Theodore Samuel Motzkin (תיאודור מוצקין; 26 March 1908 – 15 December 1970) was an Israeli-American mathematician.

== Biography ==
Motzkin's father Leo Motzkin, a Ukrainian Jew, went to Berlin at the age of thirteen to study mathematics. He pursued university studies in the topic and was accepted as a graduate student by Leopold Kronecker, but left the field to work for the Zionist movement before finishing a dissertation.

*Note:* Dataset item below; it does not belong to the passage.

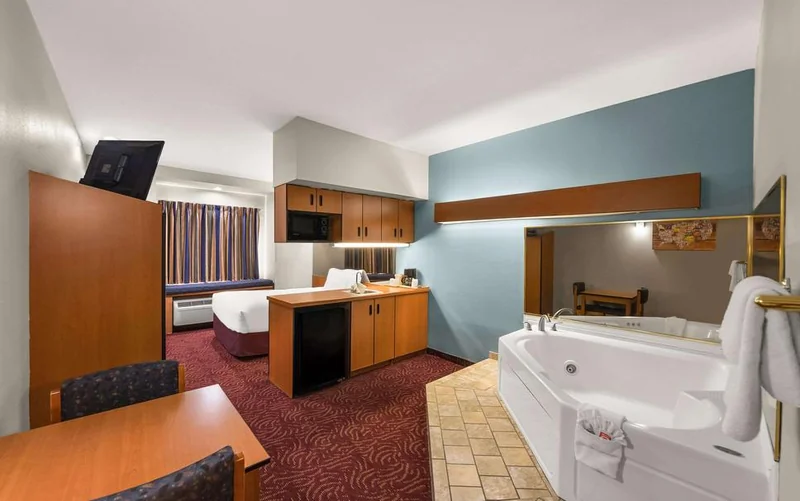 Econo Lodge Inn and Suites Mesquite – Dallas East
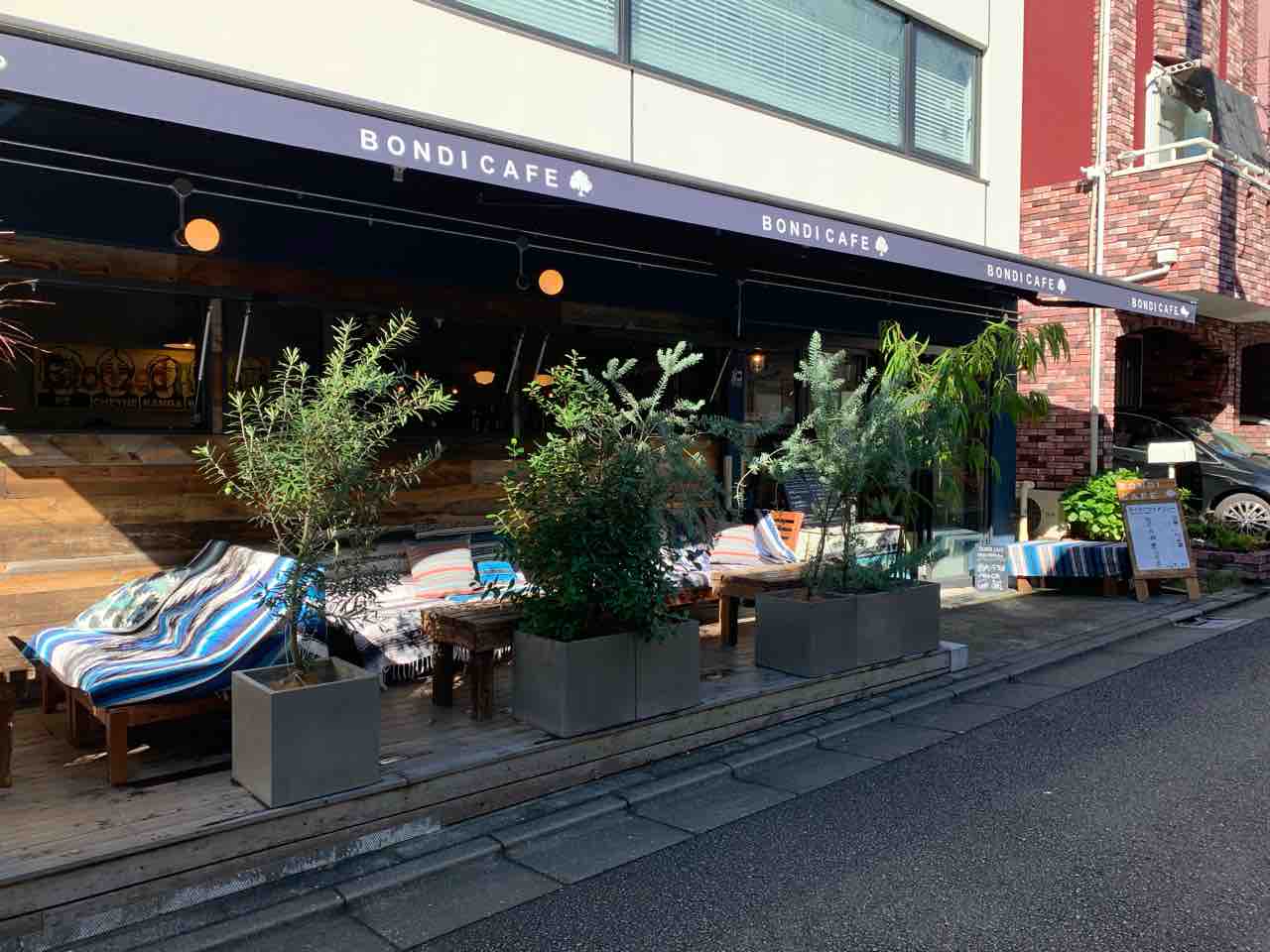 池尻大橋からのソファも多いおすすめカフェ 都内っぷ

Motzkin grew up in Berlin and started studying mathematics at an early age as well, entering university when he was only 15. He received his Ph.D. in 1934 from the University of Basel under the supervision of Alexander Ostrowski for a thesis on the subject of linear programming (Beiträge zur Theorie der linearen Ungleichungen, "Contributions to the Theory of Linear Inequalities", 1936).

In 1935, Motzkin was appointed to the Hebrew University in Jerusalem, contributing to the development of mathematical terminology in Hebrew. In 1936 he was an Invited Speaker at the International Congress of Mathematicians in Oslo. During World War II, he worked as a cryptographer for the British government.

Motzkin married Naomi Orenstein in Jerusalem. They had three sons there.

In 1948, Motzkin moved to the United States. After two years at Harvard and Boston College, he was appointed at UCLA in 1950, becoming a professor in 1960. He worked there until his retirement.

== Contributions to mathematics ==
Motzkin's dissertation contained an important contribution to the nascent theory of linear programming (LP), but its importance was only recognized after an English translation appeared in 1951. He would continue to play an important role in the development of LP while at UCLA. Apart from this, Motzkin published about diverse problems in algebra, graph theory, approximation theory, combinatorics, numerical analysis, algebraic geometry and number theory.

The Motzkin transposition theorem, Motzkin numbers, Motzkin–Taussky theorem and the Fourier–Motzkin elimination are named after him. He first developed the "double description" algorithm of polyhedral combinatorics and computational geometry. He was the first to prove the existence of principal ideal domains that are not Euclidean domains, $\mathbb{Z}\left[\frac{1+\sqrt{-19}}{2}\right]$ being his first example.

He found the first explicit example of a nonnegative polynomial which is not a sum of squares, known as the Motzkin polynomial $X^4Y^2+X^2Y^4-3X^2Y^2+1$, and showed that it was positive using the AM–GM inequality.

The quote "complete disorder is impossible," describing Ramsey theory, is attributed to him.